Once out, the medical droid insists that Captain Andor is fine and will make a full recovery, but Jyn refuses to leave. Bodhi and K2 are both ordered back to duty, but Jyn refuses, inviting a court martial until Draven backs down. She doesn’t care if the droid thinks he's fine; she’s not leaving.

And when he’s resting on a cot instead of in a tank, he falls asleep easier knowing she’s there.

(She stayed.)

+

Her breath catches in her throat every time his chest rises and falls, and she has to remind herself _he’s going to be okay, the droid said he’ll be fine, it's no worse than Scarif, he’s going to be okay –_

But even the thought of Scarif, of him being injured like that again, makes her breath come short and her pulse pound in her ears, until she gives up and crawls from the chair beside his cot to a space beside him. There's not much room, but when she rests her hand on his heart again, can feel it steady and sure beside her, her breathing slows and evens.

( _He is alive. He is here. We are all here._ )
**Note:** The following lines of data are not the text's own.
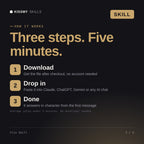 How the Clio Skill AI skill works in three steps: download, drop it into your AI chat, done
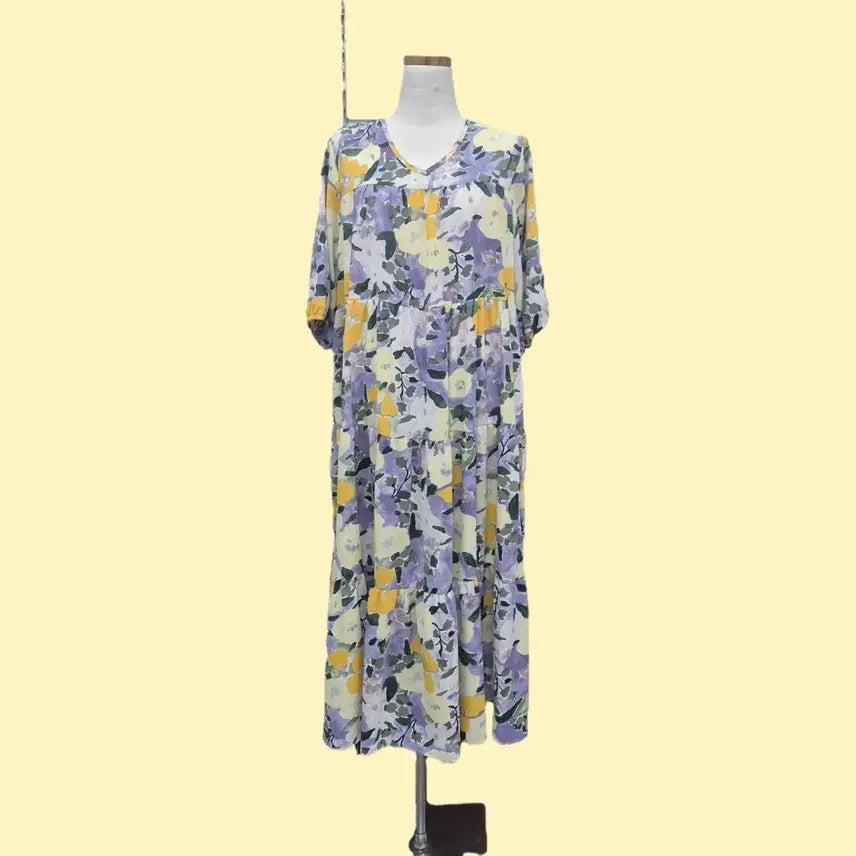 [BUNJANG] Floral Pattern Long Dress / 플로럴 패턴 롱 원피스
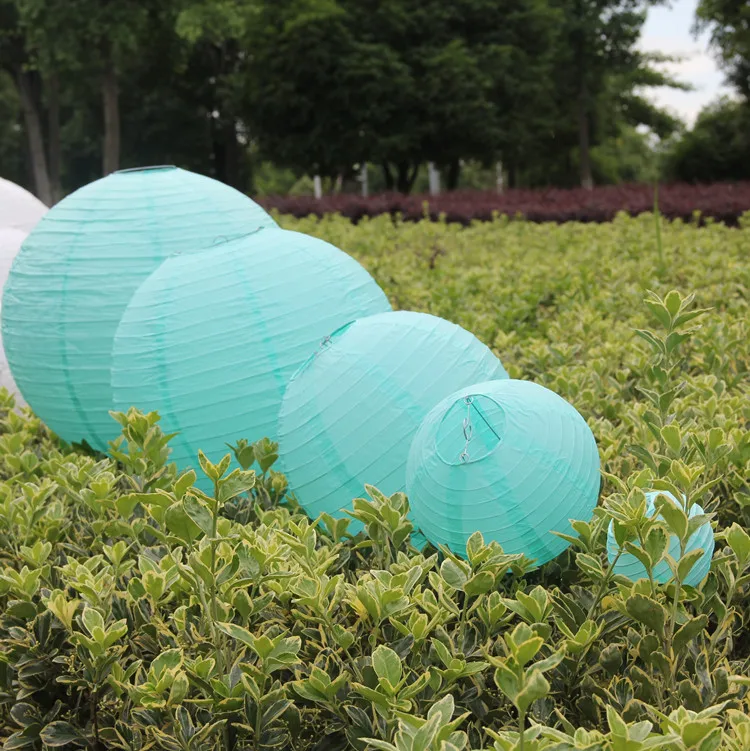Светильник-голубой Круглый Китайский бумажный фонарь 4-6-8-10-12-14-16 дюймов подвесной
His eyes don’t open, but when his hand curls around her own she relaxes enough to eventually drift off to sleep.

+

She's doesn't much care what the other Rebels think, or what General Draven yells at her about shirking her duty. When Skywalker suggests in that mild tone of his that they deserve some shore leave (even though there's nowhere to go), the Alliance finally leaves them alone. When Cassian is released from the medbay, she finds herself in his quarters once again, unsteady and unsure for the first time since this started.
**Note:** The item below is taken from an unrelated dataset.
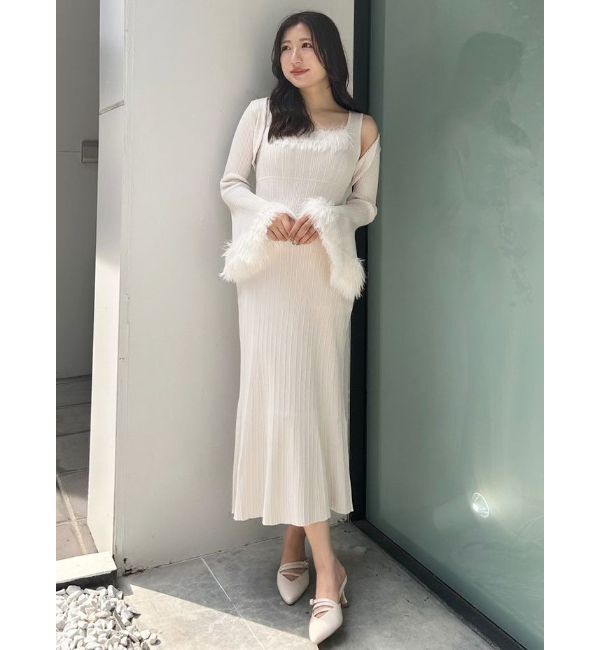 MERCURYDUO「ファーボレロセットワンピース」|ワンピース|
“Are you coming in?” he asks, looking up from unpacking his mission bag (at last), and she runs a nervous hand in her hair before wandering inside.

“You’re doing better,” she says, sitting on his bunk and trying to keep her voice even, looking anywhere but at his face. She’s not prepared, then, when he sits next to her and wraps her in a hug, his hand nestling in her hair.

“Jyn, it’s okay,” he says, his voice an echo through her chest, and she sniffles, fighting back tears. When was the last time she cried? “I’m okay. I came back.”

She wants to say a thousand things – it’s war, what they do is dangerous, they could die at any time –  
but she just nods her head against his chest, unable to look up.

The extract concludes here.